Several historical inaccuracies stem from condensing the timeline. For example, in the film Loretta begins investigating after three murders, while in real life she did so after four. Sophie Clark is murdered on New Year's Eve in the film but in reality, she was discovered on December 5. In the film, the copycat murders in Michigan occur in 1965 but they actually occurred between 1967 and 1969. The film shows DeSalvo's death as occurring shortly after his conviction. In reality, the Boston Strangler's final murder was in 1964, DeSalvo was convicted in 1967, and he was killed in 1973.

Other major details changed for the film include:

- The character Detective Conley is a composite of multiple real detectives who worked on the case.

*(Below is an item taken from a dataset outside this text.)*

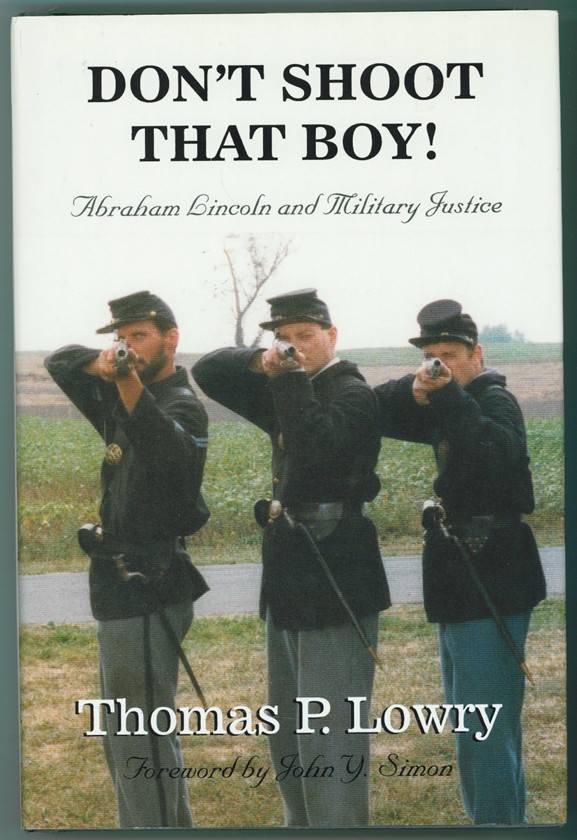 LOWRY, THOMAS P. - Don't Shoot That Boy! Abraham Lincoln and Military Justice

- The film shows Loretta and Jean meeting for the first time shortly before working together on the stories in 1962, in real life, they worked together as early as April 1952.
- In the film, DeSalvo calls Loretta and tells her to come to visiting hours the next day to hear his side of the story; he is killed by other prisoners that night. In real life, DeSalvo called psychiatrist Dr. Amos Robey just before his death.
- Daniel Marsh is actually a pseudonym given to a suspect in the case whose identity has never been made public; a suspect also referred to as David Parker by some media. In the film and in real life, he was a former Harvard student with a history of domestic abuse who moved to Michigan before copycat murders took place. In the film, the suspect's real name is given as Daniel Marsh, and it does not mention that another suspect was later convicted of one of the murders in the Michigan case.
- While the character of Paul Dempsey is fictional, some of the details about his life are based on suspected serial killer Charles E. Terry.